Materialize a Kafka topic into an in-memory, compacted dict — a GlobalKTable for asyncio Python.

Project description

ktables

Python 3.10+

Materialize a Kafka topic into an in-memory, compacted dict — a GlobalKTable for asyncio Python.

Every process that opens a KafkaTable replays the topic from the beginning into a local read-only mapping, then keeps consuming for live updates; a KafkaTableWriter maintains the topic with keyed upserts and tombstones. Built for small, broadly-needed reference data — service registries, capability advertisements, feature flags, config maps — not for large or high-churn state.

Background
Install
Usage
Consistency contract
API
Performance
Contributing
License

Background

Kafka Streams (JVM) has two table abstractions over changelog topics: the partition-sharded KTable, where each application instance holds a slice of the keys, and GlobalKTable, where every instance bootstraps and maintains a full local copy — the right shape for lookup data that any instance may need at any moment. The Python ecosystem has several maintained stream-processing frameworks, but all of them implement only the sharded shape, with framework-owned changelog topics and their own process runtimes. ktables fills the gap with just the global-table piece, as a plain asyncio library over aiokafka: your topic, your message format, your event loop.

The Kafka semantics the implementation relies on (group-less consumers, catch-up gating against end offsets, compaction independence) are documented, with provenance, in the module docstring of kafka_table.py.

Install

pip install ktables

Requires Python 3.10+. Pydantic is not required — the .json() presets accept any class with pydantic-v2's JSON methods.

Usage

Maintain a registry from one service:

from ktables import KafkaTableWriter

writer = KafkaTableWriter.json(
    bootstrap_servers="localhost:9092", topic="my.registry", model=ServiceRecord
)
async with writer:
    await writer.set("billing", record)      # upsert (broker-acked)
    ...
    await writer.delete("billing")           # tombstone: removes the key

Consume it from any other process:

from ktables import KafkaTable

table = KafkaTable.json(
    bootstrap_servers="localhost:9092", topic="my.registry", model=ServiceRecord
)
async with table:               # replays the topic; returns once caught up
    record = table.get("billing")
    if table.status != "caught_up":   # "degraded": catch-up timed out
        ...

Non-pydantic payloads: construct directly with your own codecs — KafkaTable(..., value_decoder=bytes_to_value) / KafkaTableWriter(..., value_encoder=value_to_bytes).

Grouped tables

A grouped table is a nested {group: {member: value}} view over a single compacted topic, where each (group, member) pair is its own compaction key.
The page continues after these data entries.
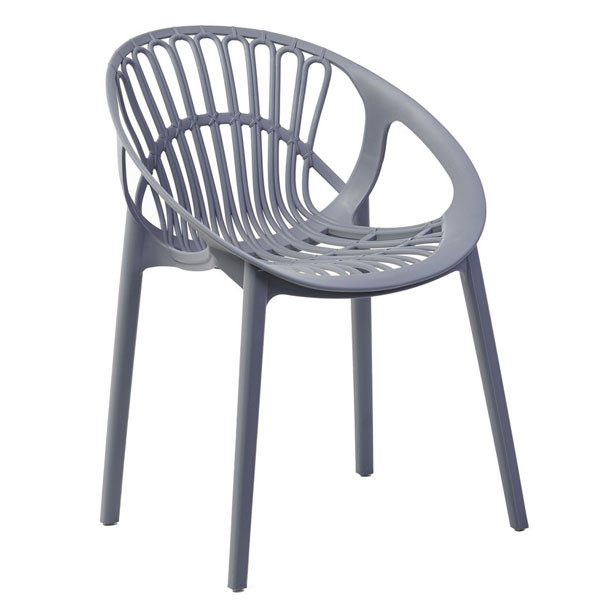 Стул Vetro Mebel P-09 Серый-0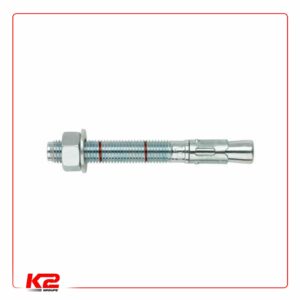 Goujon d'ancrage mâle MTH 8mm x 75mm lot de 100 pièces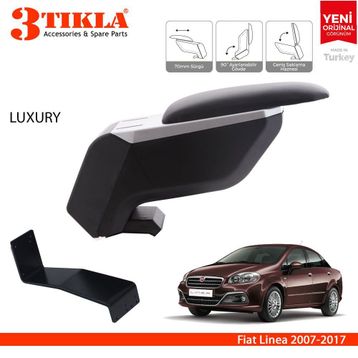 Fiat Linea 2007 2017 Çelik Ayaklı Bej Kol Dayama Kolçağı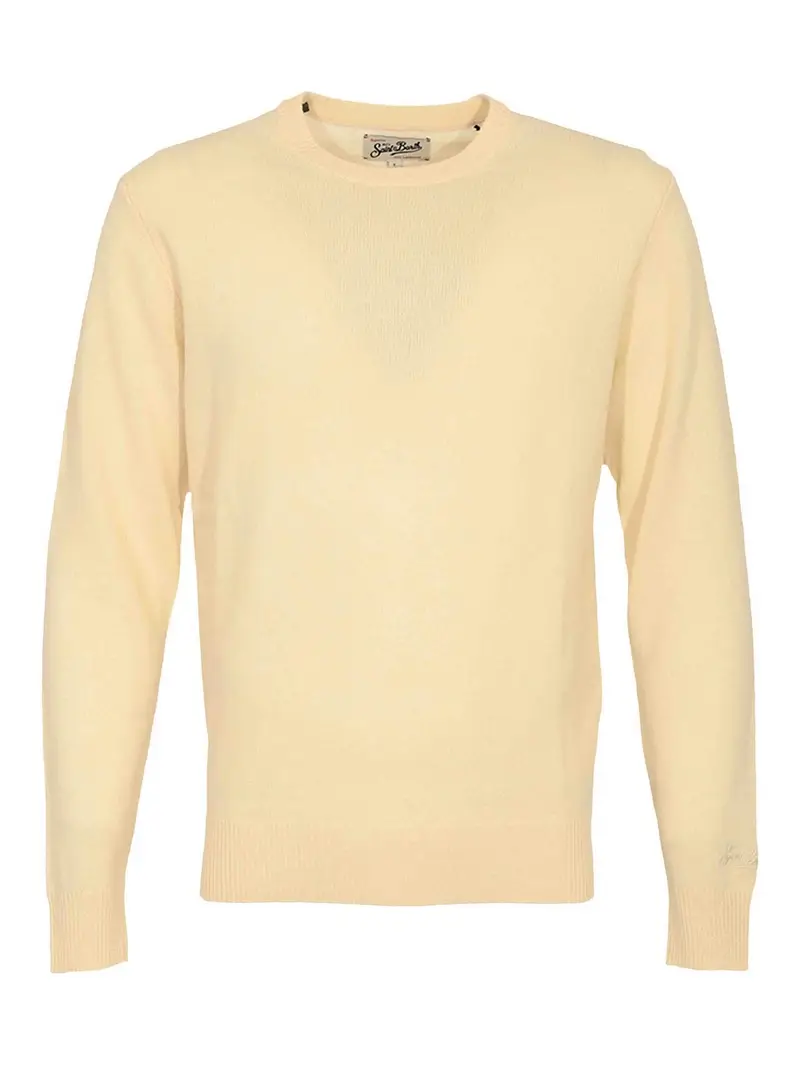 Maglione Regent wool Bianco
It is the race-free way to model a multi-writer registry: many independent processes each announce their own entry under a shared group, with no read-modify-write and no lost updates (every writer owns its own key). The "collection per group" is reconstructed in memory on read.
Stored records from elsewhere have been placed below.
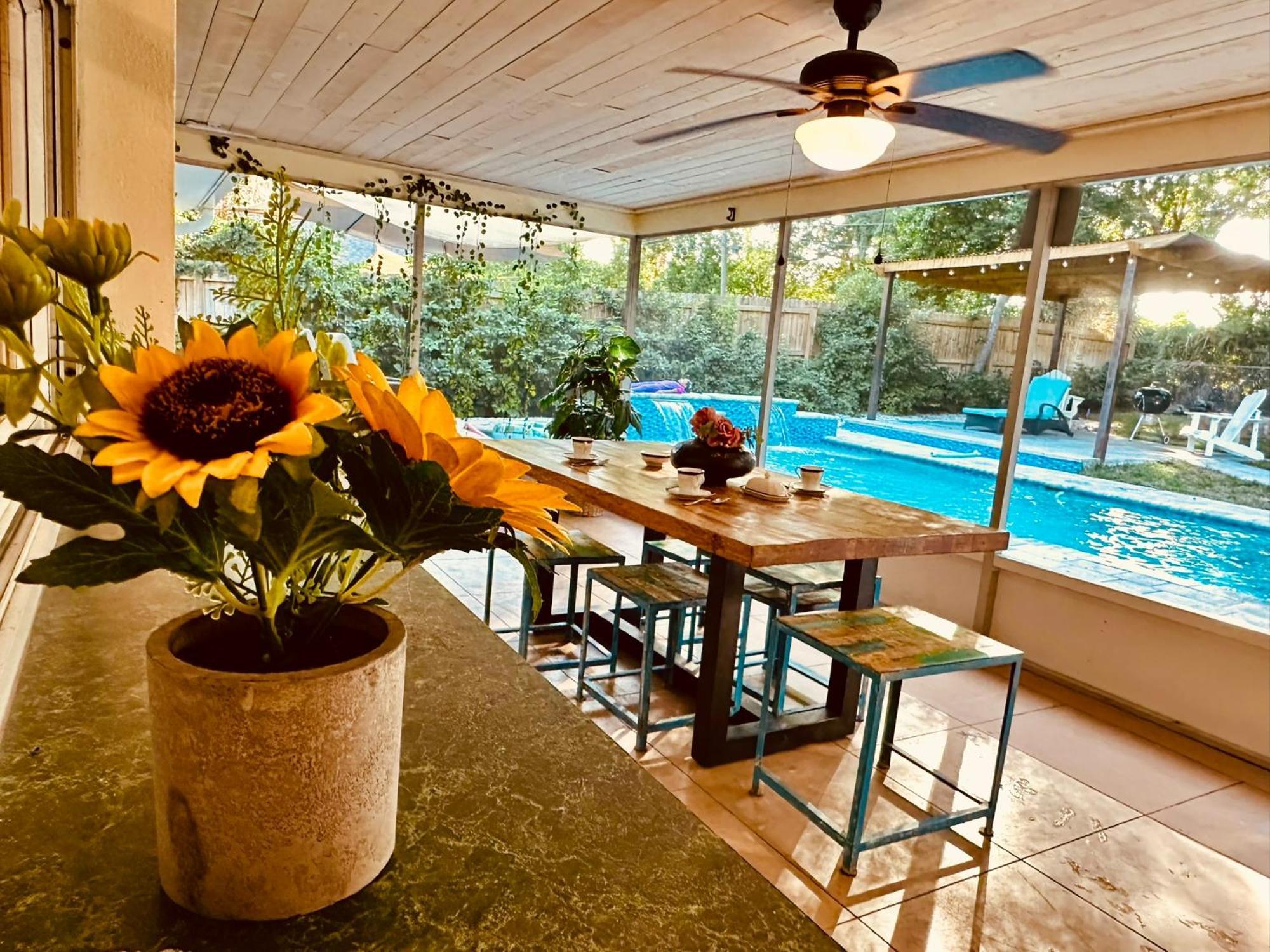 4 Bedroom Clearwater Vacation Home With Amazing Backyard Buitenkant foto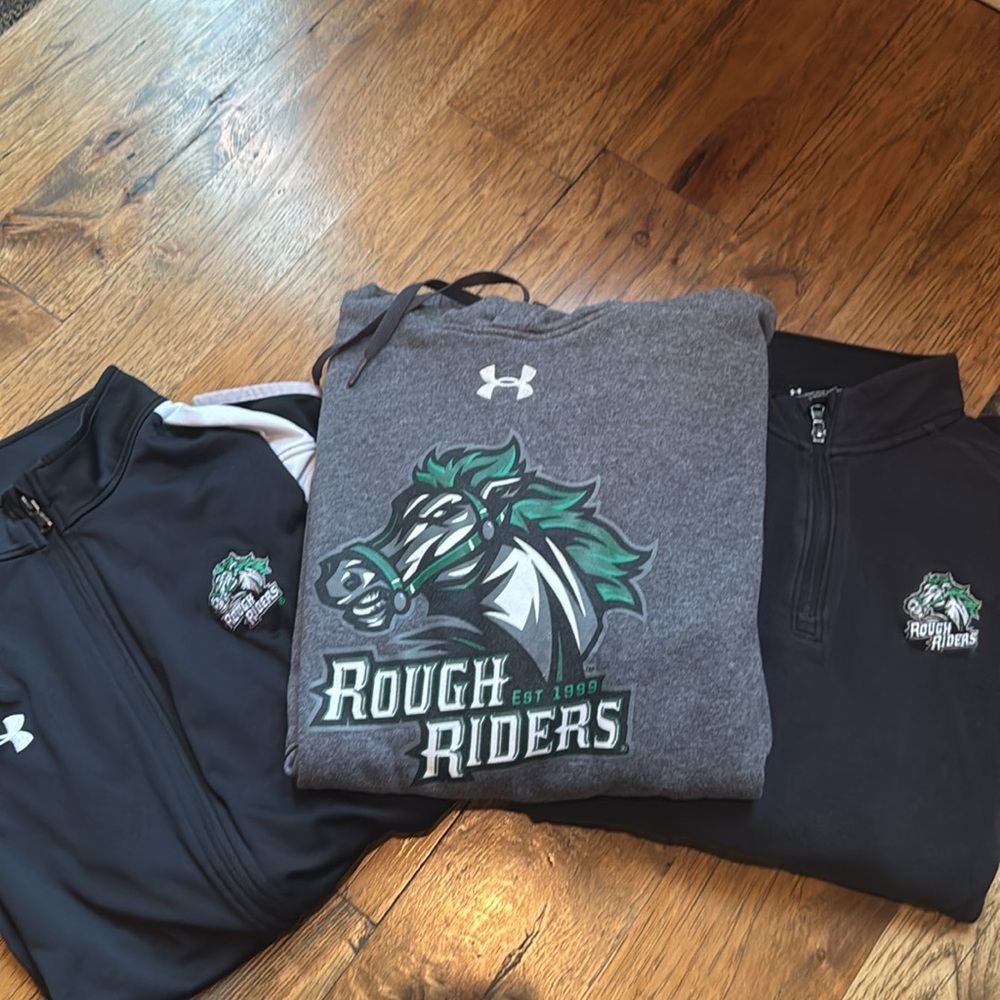 BUNDLE Rough Rider Hockey Club. Cedar Rapids Rough Rider Bundle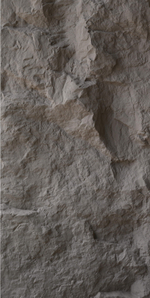 Декоративная панель СКАЛА из полиуретана ROCK STONE 1200х600х56mm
from ktables import GroupedKafkaTable, GroupedKafkaTableWriter

# Each process announces its own member under a shared group:
async with GroupedKafkaTableWriter.json(
    bootstrap_servers="localhost:9092", topic="services", model=ServiceRecord
) as writer:
    await writer.set("billing", "host-a", record)   # upsert one member
    ...
    await writer.delete("billing", "host-a")         # tombstone one member

# Any reader sees the whole group:
async with GroupedKafkaTable.json(
    bootstrap_servers="localhost:9092", topic="services", model=ServiceRecord
) as table:
    if await table.barrier():                  # read-your-own-writes, on demand
        table.get_member("billing", "host-a")  # one member          — O(1)
        table.members("billing")               # {member: value} map — O(group)
        table.groups()                         # all group ids
        table.snapshot()                       # whole nested view    — one O(N) pass

Reads are O(output). To iterate every group use snapshot() — not for g in table.groups(): table.members(g), which re-scans per group.
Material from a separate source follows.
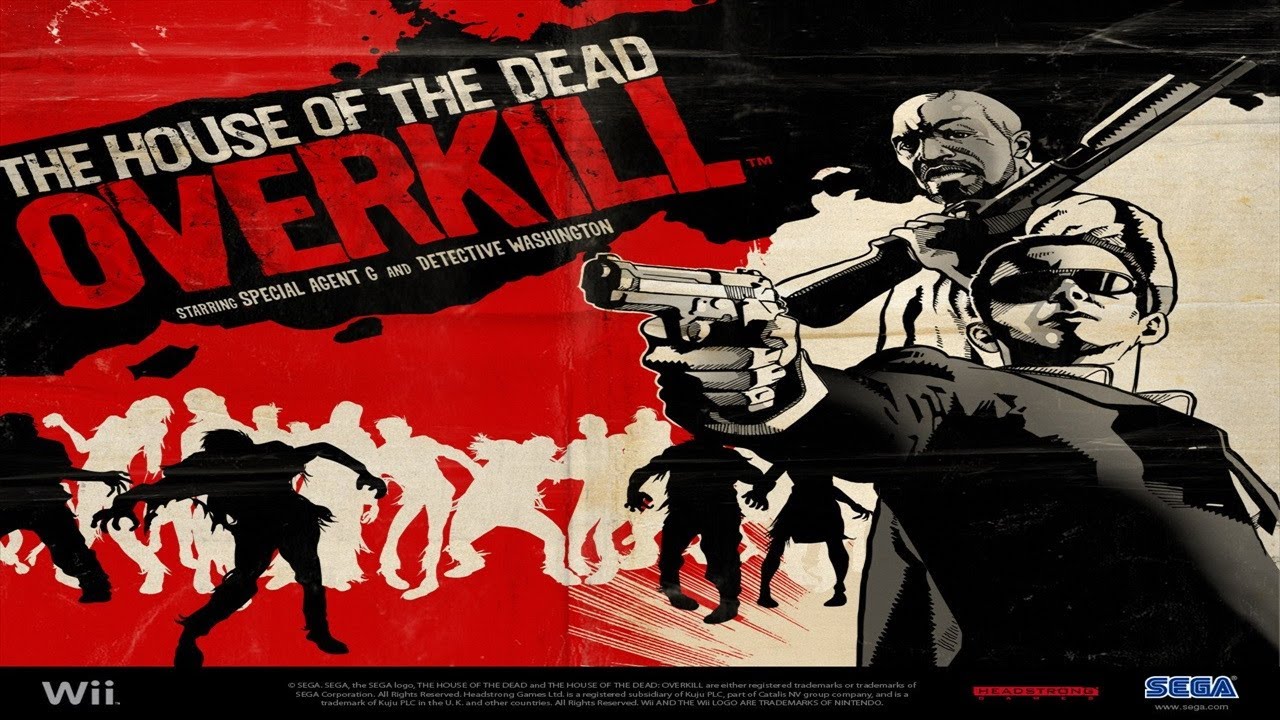 HQ The House Of The Dead: Overkill Wallpapers | File 220.68Kb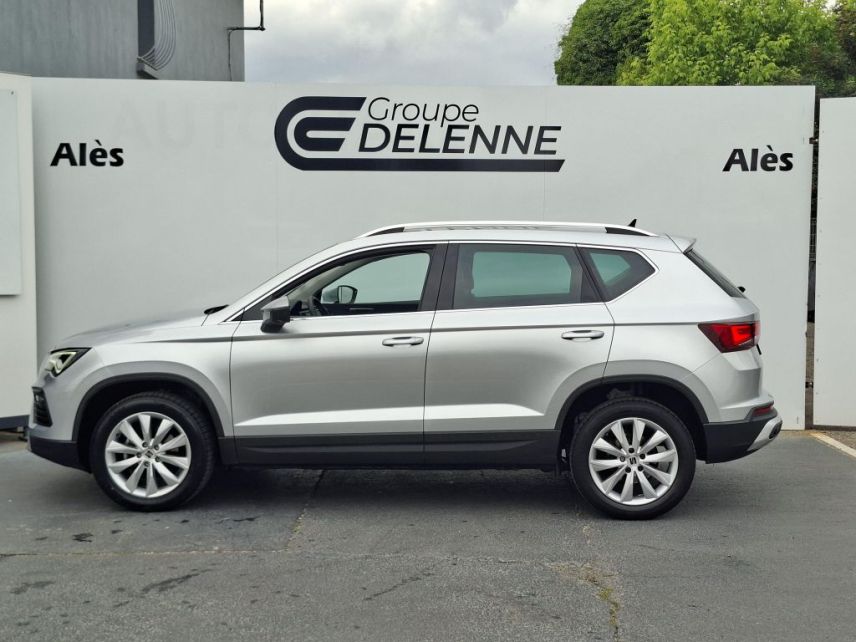 75010 : Hyundai Paris Nord - Goncourt Automobiles - SEAT ATECA Style - ATECA - Gris - Boîte manuelle - Essence sans plomb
Use a dedicated topic. The composite-key codec is injective, but it cannot distinguish your keys from a third party's identically-shaped keys on a shared topic (a foreign key matching the scheme would be read as a real member). Give a grouped table its own topic.

Removing a key on clean shutdown

There is deliberately no delete_on_close option (shutdown-time deletion is application policy, and no library can promise it on a crash). Compose it:

async with writer:
    await writer.set(my_key, my_record)
    try:
        ...  # serve
    finally:
        await writer.delete(my_key)   # acked before the producer stops

Locked-down clusters

Both classes ensure their topic exists at start (idempotent create, compacted). If the application lacks topic-create ACLs, pass ensure_topic=False and create the topic out-of-band (the module-level ensure_topic() function is the deploy-time primitive).

Consistency contract

KafkaTable is eventually consistent. Precisely:

When start() / async with returns, contents are complete as of the topic's end offsets at start time — unless status == "degraded" (catch-up timed out; data may be partial).
Thereafter, updates appear within milliseconds of the broker write — but there is no read-your-own-writes: after await writer.set(k, v), a table in the same process may briefly still return the old value.
Contents are stable between your awaits (single event loop; only the reader task mutates). Use snapshot() for a copy held across awaits.
Correctness does not depend on broker-side compaction: last-write-wins over the full log yields the same dict; compaction only bounds replay time.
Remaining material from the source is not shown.